Cyclohexanol/cyclohexanone is produced as a mixture, resulting from the catalytic oxidation of cyclohexane. This report discusses the product that is not consumed captively and is available in the market, referred to as uncoupled cyclohexanol/cyclohexanone. In 2016, 55% of global uncoupled cyclohexanol/cyclohexanone was produced from cyclohexane, 31% from phenol, and 14% from cyclohexene as feedstock. Phenol is increasingly used as the feedstock because of its availability as a cheaper alternative for the production of uncoupled cyclohexanol/cyclohexanone.
The following pie chart shows world consumption of uncoupled cyclohexanol and cyclohexanone:
Asia, mainly China, accounted for 65% of the world capacity in 2016, driven by the region’s growing demand for nylon, which drives the demand for caprolactam and adipic acid. The cyclohexanol/cyclohexanone mixture used for adipic acid manufacture is referred to as KA oil (for ketone-alcohol).
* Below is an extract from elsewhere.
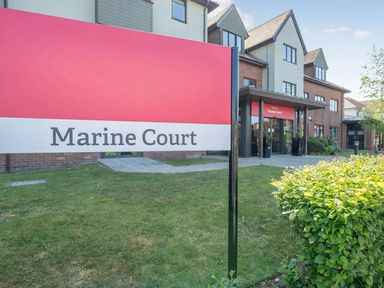 A sign for Marine Court in front of a building at Marine Court First-floor Double Bedroom with Bathroom Littlehampton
A caprolactam producer would much prefer to use cyclohexane or phenol directly and make its own captive cyclohexanol/cyclohexanone, as it is more economical.
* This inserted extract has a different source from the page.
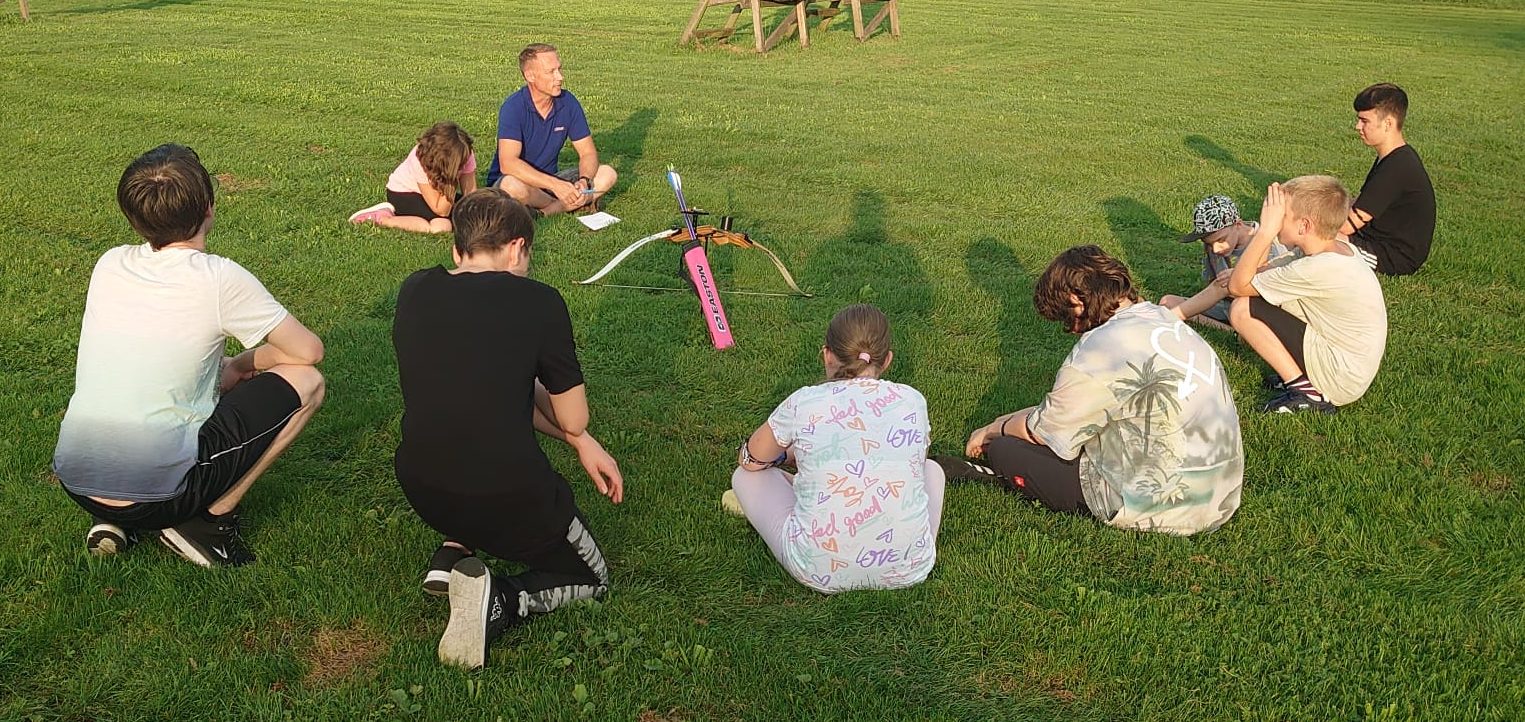 Sieben Menschen sitzen auf einer Bogensportwiese im Kreis und unterhalten sich.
China, Japan, and Taiwan are the largest uncoupled cyclohexanol/cyclohexanone production centers, with close to 80% of global production located there in 2016. By 2021, this share is expected to be close to 85%, reflecting the significant nylon demand. Western Europe had the second-largest capacity in 2016, with local production sufficient to cater to the declining domestic demand. By 2021, Western Europe’s production is forecast to decline and will represent only 10% of the global production, less than the 15% it accounted for in 2016.
China represents 53% of the world capacity; most of the top producers of uncoupled cyclohexanol/cyclohexanone are in Asia. In 2016, Shandong Haili and CPDC controlled 18% of the global capacity.
Major world consumption areas are Western Europe, China, Taiwan, and Japan. Use for caprolactam production accounts for the most significant part of cyclohexanol/cyclohexanone consumption; the remaining demand is mainly for adipic acid production and use in solvents. Demand for uncoupled cyclohexanol/cyclohexanol to produce caprolactam has been increasing, and during 2014–16, overall demand in caprolactam increased from 60% to 65% of total demand.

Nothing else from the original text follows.